Difference Between Body Positivity & Body Neutrality
Body neutrality is harder to practice than body positivity, as it’s easier to ignore the reality of a situation rather than face facts. On top of that, we’ve been fed the notion that physical beauty creates happiness our whole life, which is an extremely tough mold to break out of.
But, as with anything, practice and consistency are of vital importance to pave the way for a more body-neutral mindset.
Here are a few ways you can practice body neutrality:
- Communicate with your body about what it can and cannot do for you and give yourself some love from time to time,
- In conversation with other people, do not talk about their bodies since talking about their physicality can make them feel uncomfortable,
- Eat foods that work best for your physical self. It can be a specific eating plan or something more intuitive. In the end, it should make your body feel great,
- Wear clothing that you like the look of, is comfortable, and feels good on your body.
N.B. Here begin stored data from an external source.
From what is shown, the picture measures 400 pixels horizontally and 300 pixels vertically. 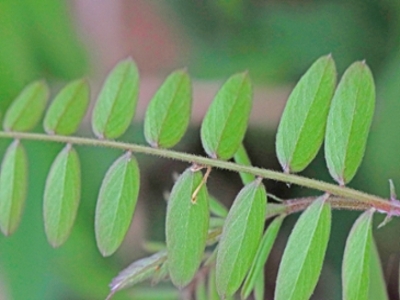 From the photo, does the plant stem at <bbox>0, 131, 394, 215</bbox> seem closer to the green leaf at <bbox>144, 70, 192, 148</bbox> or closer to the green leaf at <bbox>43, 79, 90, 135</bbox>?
the green leaf at <bbox>144, 70, 192, 148</bbox>

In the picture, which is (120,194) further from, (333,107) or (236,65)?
(236,65)

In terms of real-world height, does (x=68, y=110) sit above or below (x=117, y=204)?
above

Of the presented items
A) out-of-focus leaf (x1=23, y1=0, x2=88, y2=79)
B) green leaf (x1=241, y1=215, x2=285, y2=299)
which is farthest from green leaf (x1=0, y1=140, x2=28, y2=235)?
out-of-focus leaf (x1=23, y1=0, x2=88, y2=79)

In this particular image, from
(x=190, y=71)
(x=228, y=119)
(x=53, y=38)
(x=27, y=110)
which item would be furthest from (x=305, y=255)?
(x=53, y=38)

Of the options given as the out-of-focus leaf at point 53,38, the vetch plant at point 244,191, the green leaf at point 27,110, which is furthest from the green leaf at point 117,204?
the out-of-focus leaf at point 53,38

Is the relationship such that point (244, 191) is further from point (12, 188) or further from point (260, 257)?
point (12, 188)

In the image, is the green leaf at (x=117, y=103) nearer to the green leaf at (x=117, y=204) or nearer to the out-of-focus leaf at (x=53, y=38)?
the green leaf at (x=117, y=204) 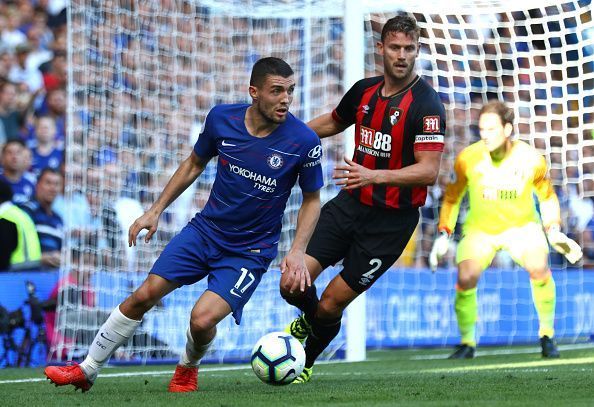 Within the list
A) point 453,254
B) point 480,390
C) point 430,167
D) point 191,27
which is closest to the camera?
point 480,390

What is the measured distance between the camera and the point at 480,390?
247 inches

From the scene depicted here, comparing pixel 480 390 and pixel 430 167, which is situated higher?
pixel 430 167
- Find an exercise or physical activity that you find enjoyable.
Ultimately, body neutrality is a much more comprehensive, beneficial, and authentic perspective from which to address our bodies.
Its emphasis on cohesive self-acceptance, without the need for beauty, is key. It’s a way of cherishing our bodies without succumbing to judgments.
Our relationship with our body is a lifelong journey and, at times, complicated. With the right choices and mindset, we can always pick a lifestyle that’s wholesome, healthy, stress-free, and mentally sound.
Practicing body neutrality means focusing not on what your body looks like, but on what your body can do for you. It’s the path to accepting your body the way it is and doing what’s best for it.
Disclaimer: The contents of this article are for general information and educational purposes only. It neither provides any medical advice nor intends to substitute professional medical opinion on the treatment, diagnosis, prevention or alleviation of any disease, disorder or disability. Always consult with your doctor or qualified healthcare professional about your health condition and/or concerns before undertaking a new healthcare regimen including making any dietary or lifestyle changes.